Сложный и дискуссионный характер носила ситуация с резким сокращением российских трубопроводных поставок на газовый рынок Европы в 2022 году, выглядевшая как "встречное движение" импортеров и их ведущего экспортера. Однако этот кризис примечателен другим – своей кратковременностью: он, несомненно, разрушительно повлиял на долгосрочный газовый спрос в ЕС и привел к внушительному росту издержек потребителей. Но с точки зрения роста цен и баланса предложения и спроса его удалось относительно быстро купировать, при том, что состояние мирового рынка СПГ (главного источника альтернативных поставок в ЕС и Великобританию) было и остается напряженным. "Виной" тому, на наш взгляд, прежде всего три фактора: растущая диверсификация энергетического баланса, повышение общей гибкости энергоснабжения и приоритет рыночного ценообразования. Все то, чего так не доставало мировой энергетике в 1970-е годы. Сочетание этих факторов делает, на наш взгляд, практически невозможным повторение в мировой энергетике событий масштаба полувековой давности.

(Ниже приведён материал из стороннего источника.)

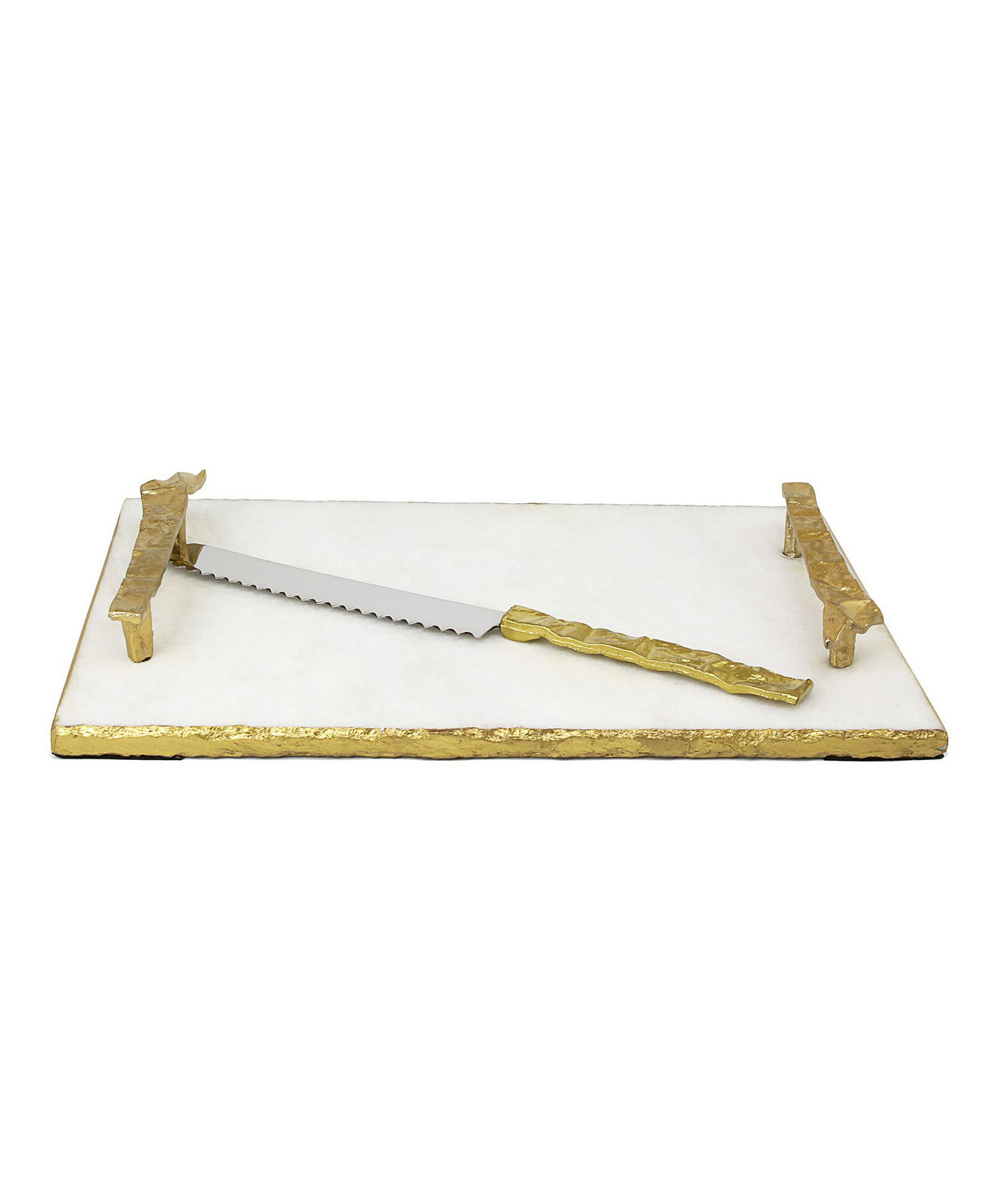 Поднос для халы из белого мрамора с раскрошенными ручками и ножом Classic Touch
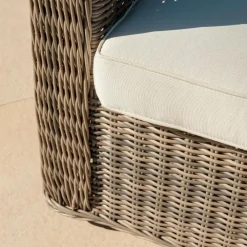 MOBELLIA Salon de jardin en résine tressée 5 places 4 pcs Calvi Sepia et beige Tressé Sepia - Beige New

Важно также то, что международные энергетические рынки не могут быть долго "рынками продавца". Как, вероятно, и большинство других товарных рынков, они всегда склоняются к состоянию "рынка покупателя" – с точки зрения не текущего баланса (он отличается естественной волатильностью), а ведущей силы, задающей правила игры. Фундаментальное переустройство мировой энергетики за последние 50 лет происходило прежде всего по инициативе потребителей (в широком смысле, включая государственных регуляторов). И основной целью этого переустройства (до того, довольно позднего, момента, когда мейнстримом стала низкоуглеродная повестка) было не допустить повторения ситуации 1973 года (а также 1979–1980 годов), когда происходил кратковременный, но острый сдвиг в сторону "рынка продавца". Аналогичную картину мы видим в 2022–2023 годах на европейском рынке газа и, вероятно, увидим под влиянием европейского опыта на других региональных и национальных рынках газа в ближайшие годы.
Увы, не вызывает сомнений, что международная энергетическая торговля в самом широком понимании (не только самими энергоресурсами, но и энергетическими услугами, технологиями и смежной промышленной продукцией) еще не раз будет использована в геополитическом противостоянии разных стран. Но центр последнего явно сдвигается с Ближнего Востока в Восточную Азию (по линии США – КНР), от "экспортеров" – к "импортерам", с рынка энергетического сырья – к ограничению трансфера технологий, оборудования и морских перевозок, с рынка нефти – на рынки других энергоресурсов (возможно, СПГ, комплектующих для ВИЭ, редкоземельных металлов и пр.).